There’s a historical comparison worth dragging up: the Suez Crisis of 1956. Britain and France invaded Egypt without telling the United States, and Eisenhower essentially ended the invasion through economic pressure—freezing sterling, threatening to block International Monetary Fund support. Allies learned a lesson about going rogue.

But that was punishment after the fact for unauthorized action. What we’re seeing with Spain is different. It’s preventive coercion for insufficient enthusiasm about someone else’s war. One is disciplining an ally for defying you. The other is disciplining an ally for not being eager enough to do what you want.

The second one corrodes something fundamental. It says alliance membership doesn’t come with the right to dissent on non-core issues. It says burden-sharing is only acceptable if it comes with ideological alignment.

My prediction: if this policy gets implemented, you’ll see a measurable shift in European defense spending redirecting away from NATO-integrated structures. Not immediately. Not loudly. But the incentives just changed. Why fully integrate your military command with an alliance that might suspend you for policy disagreements?

The Sideshow That Reveals Everything

Meanwhile, we’ve got Kenyan President William Ruto mocking Nigerian English on the international stage, and absolutely nobody is treating this as a big deal diplomatically. He’s essentially saying Nigeria—Africa’s largest economy and most powerful military—speaks poorly, speaks in ways that are “hard to understand.”

This is a small moment that tells you something about how normal it’s become to insult allies in public. It wouldn’t have been permissible in the Cold War. It wouldn’t have been permissible in the early 2000s. Now? It barely registers as news.

When allied leaders start mocking each other, you’re in a different era. It’s not just that the alliance is fraying. It’s that the social contract—the basic agreement that you maintain some dignity and respect for your partners—has already degraded.

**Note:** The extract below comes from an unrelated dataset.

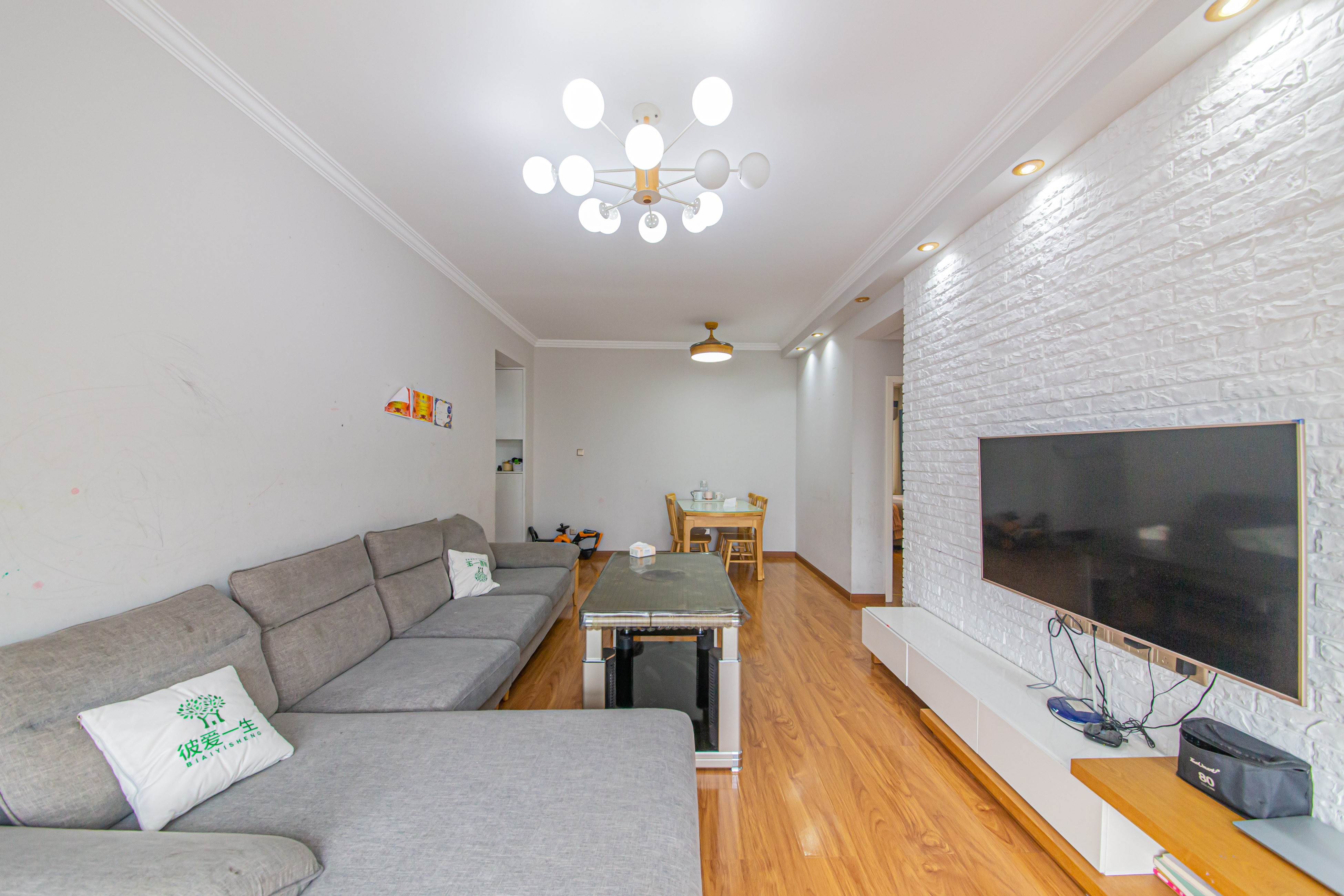 香芙嘉园（广铁湘府嘉园）  2室2厅1卫    79.8万客厅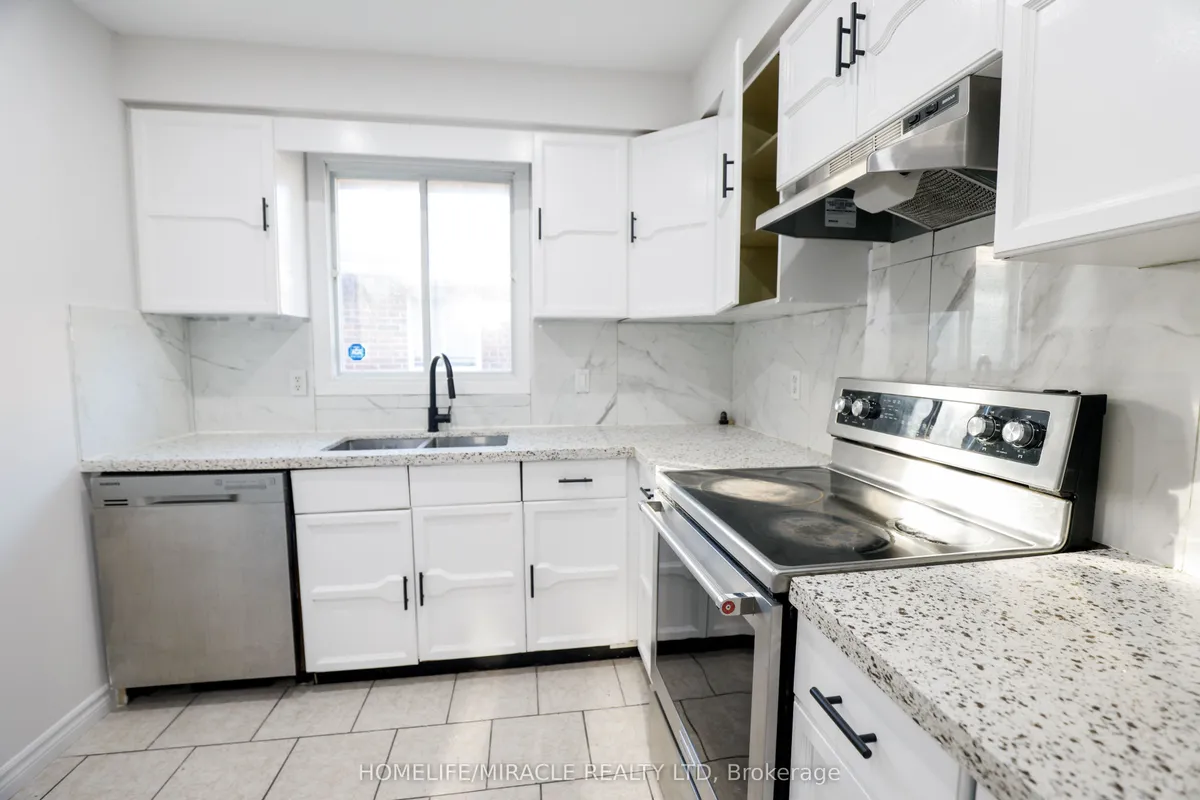 699 Classic Drive, ON N6W 5X1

From below of various flags on flagpoles located in green park in front of entrance to the UN headquarters in Geneva Photo by Mathias Reding / Pexels

What I’m Watching

The Spain suspension timeline. If the Pentagon email was a trial balloon, we’ll see signals within six months. Watch for any formal NATO statements about “reassessing” Spain’s contributions, or any language tying alliance benefits to specific Iran policy commitments. That would tell you this wasn’t a wayward memo—it was strategy.

European Defense Fund spending patterns. Within the next budget cycle (most EU nations finalize defense budgets by Q2), watch whether European countries start funding standalone European command structures rather than NATO-integrated ones. A shift above 10% reallocation would suggest real hedging against American unreliability.

The next NATO disagreement over Iran or regional policy. It’s coming. Maybe it’s about Syria, maybe it’s about Iraq, maybe it’s something we haven’t predicted. Watch how the United States frames it rhetorically. If you hear language about “alliance responsibilities” or “commitment tests,” you’re watching the coercion model get normalized. If you hear language about “finding common ground,” the moment passed and this was contained.

Trump’s second term NATO engagement pattern. Does he rebuild the relationship with a softer touch, or does he double down on the leverage playbook? The Spain situation is almost certainly not a one-off if the administration sees it as an effective tool. Watch for similar threats or pressure on other NATO members with dissenting views.

The alliance held together through the Soviet collapse, through Iraq, through Libya, through a thousand moments where members disagreed. It survived because the cost of leaving was higher than the cost of tolerating disagreement. We’re in the process of changing that equation. Once you do, you can’t un-change it.